* What is expected *
Using the data below, transcribe exactly everything from the line that contains "buy-noya-18k-gold-plated-zora-twisted-ring_par" down to the line that contains "un mini pc portable Samsung". Include both of those lines and none of the pictures.

-- Study material follows --

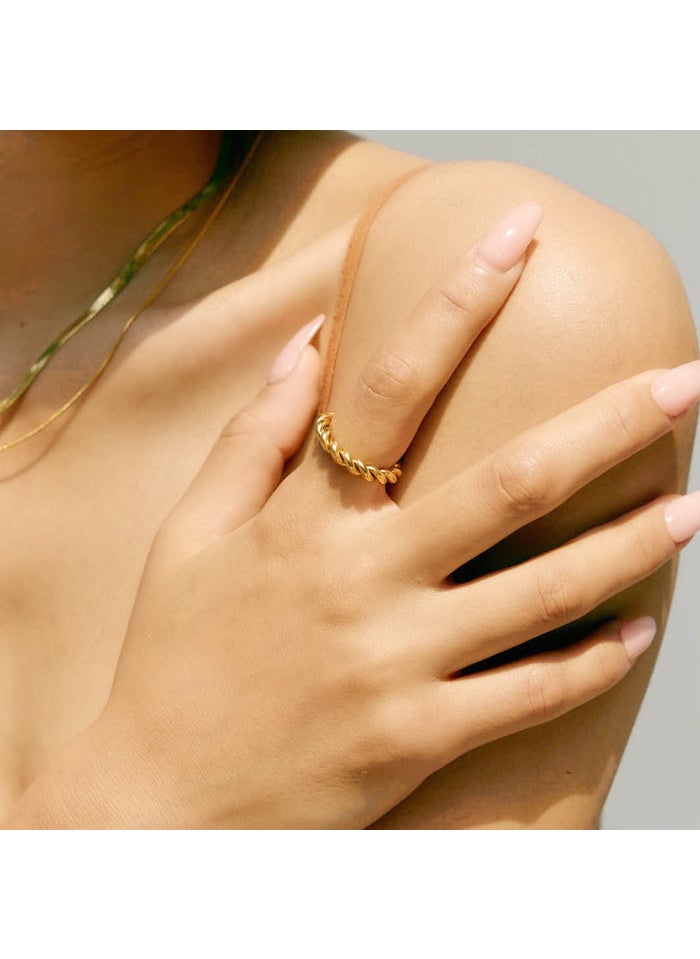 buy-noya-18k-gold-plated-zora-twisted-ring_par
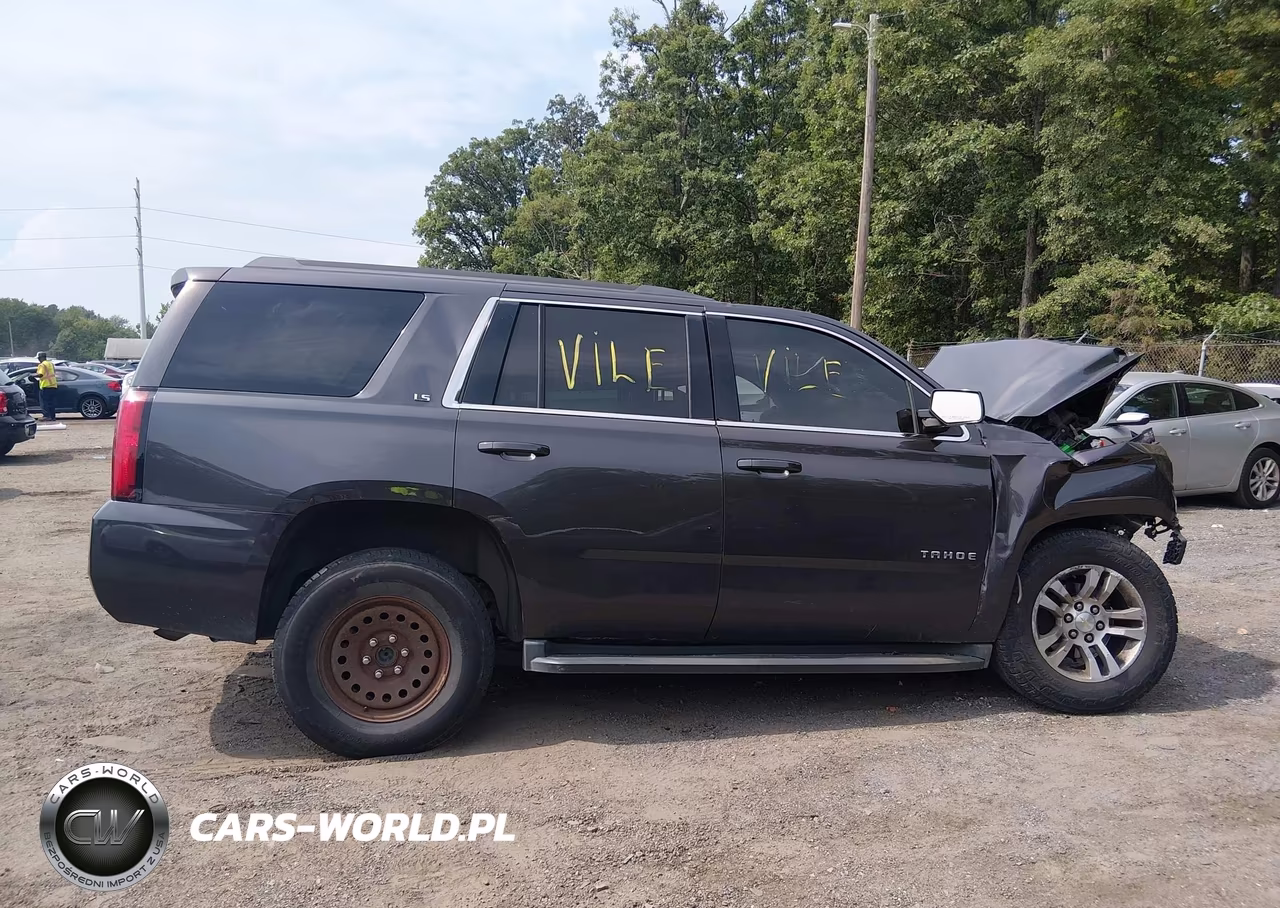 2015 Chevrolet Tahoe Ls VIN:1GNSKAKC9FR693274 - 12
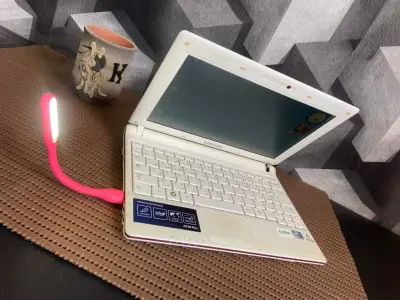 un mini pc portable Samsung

-- Study material concluded --
-- Study material follows --

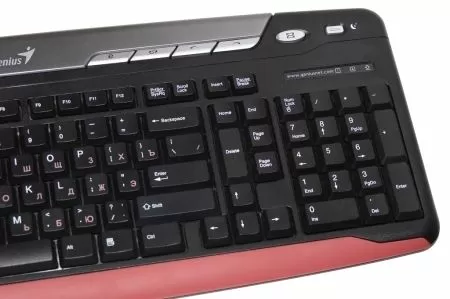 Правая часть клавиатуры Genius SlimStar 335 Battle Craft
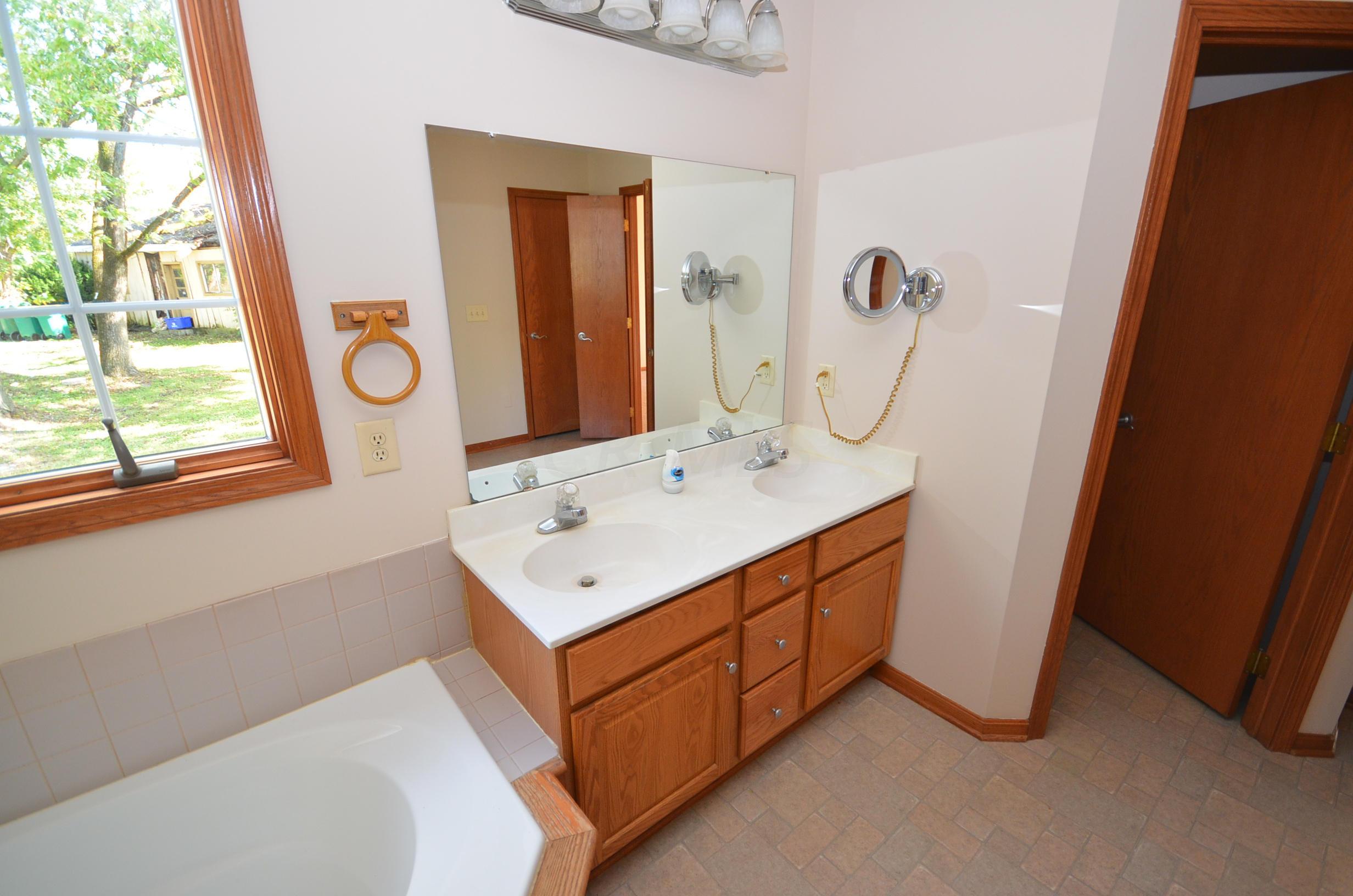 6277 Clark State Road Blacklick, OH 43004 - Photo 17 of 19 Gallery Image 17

-- Study material concluded --

* Response *
 buy-noya-18k-gold-plated-zora-twisted-ring_par
 2015 Chevrolet Tahoe Ls VIN:1GNSKAKC9FR693274 - 12
 un mini pc portable Samsung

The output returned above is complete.